I purchased a house last summer, this winter I noticed the one room I am using for an office was extremely cold. It is half below ground. My first investigation into the chill found that on one of the block walls there was no insulation and on the other it was scraps of inch thick styrofoam. We framed it out and added proper insulation.

I am still noticing drafts and the half of the wall above ground is very cold to the touch. I opened up a section today and see that there is drywall to the attached garage, some batt fiberglass and the drywall to the room.

What should I do to reinsulate this wall? I would go with spray foam but with my finances I just cant afford it.


----------



## Gary in WA (Mar 11, 2009)

Welcome to the forum!

The foam board is the right idea below grade on a concrete block wall, not f.g.: http://www.buildingscience.com/documents/reports/rr-0202-basement-insulation-systems

The drafts are from not air sealing the drywall (caulking or rubber gasket) when installing or fire-stopping every 10' per code. Or a hole to the outside, holes in the top plate, no sill sealer or caulk bead along/under the p.t. plate on the concrete slab, air seal any outside penetrations in the siding- light boxes, hose-bibs, etc. 

Gary


----------



## jklingel (Dec 21, 2008)

cg: not to be spending your money for you, but if the rooms are cold to the touch, you are wasting (perhaps) a ton of money every winter and it may even be worth borrowing a little cash to air seal and insulate properly. if you are going to live there a while, your investment may be as good as any stock purchase. plus, the comfort factor is valuable. just a thought.


----------



## cg73 (Jan 28, 2012)

GBR - I took down the remainder of the drywall and you are right. 

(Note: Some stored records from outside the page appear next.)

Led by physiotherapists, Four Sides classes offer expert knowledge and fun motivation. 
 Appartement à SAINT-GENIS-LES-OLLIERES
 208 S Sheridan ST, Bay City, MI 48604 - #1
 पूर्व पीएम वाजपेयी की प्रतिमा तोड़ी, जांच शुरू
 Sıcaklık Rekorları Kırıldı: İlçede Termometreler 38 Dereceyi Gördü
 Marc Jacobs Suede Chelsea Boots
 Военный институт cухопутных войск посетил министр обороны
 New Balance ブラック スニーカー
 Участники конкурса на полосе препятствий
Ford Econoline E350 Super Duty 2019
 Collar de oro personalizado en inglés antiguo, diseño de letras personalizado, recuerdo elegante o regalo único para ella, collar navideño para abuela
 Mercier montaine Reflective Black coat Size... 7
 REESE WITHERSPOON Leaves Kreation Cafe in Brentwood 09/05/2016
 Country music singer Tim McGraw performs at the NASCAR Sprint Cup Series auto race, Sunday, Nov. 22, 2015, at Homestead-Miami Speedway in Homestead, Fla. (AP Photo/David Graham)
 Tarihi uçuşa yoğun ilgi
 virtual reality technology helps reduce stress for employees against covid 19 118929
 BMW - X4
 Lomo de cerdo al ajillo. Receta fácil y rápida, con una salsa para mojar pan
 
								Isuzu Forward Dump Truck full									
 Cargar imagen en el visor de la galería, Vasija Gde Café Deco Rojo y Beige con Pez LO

There is one outlet on the outside of the house that has all the plastic popped out and air is just blowing through it. The corner joint in the garage for the drywall is another major location of air penetration. There is also a light switch that is leaking. Going to be working on sealing all of that up.

My buddy (a HVAC guy) is going to be bringing a thermal camera over next weekend to see if we find any more areas that are leaking.


jk.....I am still debating. I plan on living here for quite a few years so you are right. The investment would probably be well worth it.


There is one location I wish I could get some insulation to but I have no idea how to pull it off. In the closet in this room the main water feed also comes in. This is another location where they just attached the drywall to the block wall. The water main isnt very far away from the drywall as it is so I am not sure how I could add any insulation to that area... Any ideas??


----------



## jklingel (Dec 21, 2008)

cg73 said:


> There is one location I wish I could get some insulation to but I have no idea how to pull it off.


 Can you get in w/ Great Stuff, or the like?


----------



## cg73 (Jan 28, 2012)

Not really there is a very little amount of space from the drywall to the water pipes.


----------



## cg73 (Jan 28, 2012)

I guess I should expand on that picture. Half of that wall is drywall on top of block, the top half is studded out. Not sure what I can do to the lower half to add some insulation.


----------



## Gary in WA (Mar 11, 2009)

Check with your local AHJ to see if they have a solution; foam board with drywall covering, etc. but remember to leave the supply lines uninsulated to the warm side of the room to help protect them.

Gary


----------



## cg73 (Jan 28, 2012)

Ahj??


----------



## Gary in WA (Mar 11, 2009)

Authority Having Jurisdiction (building official).

Gary


----------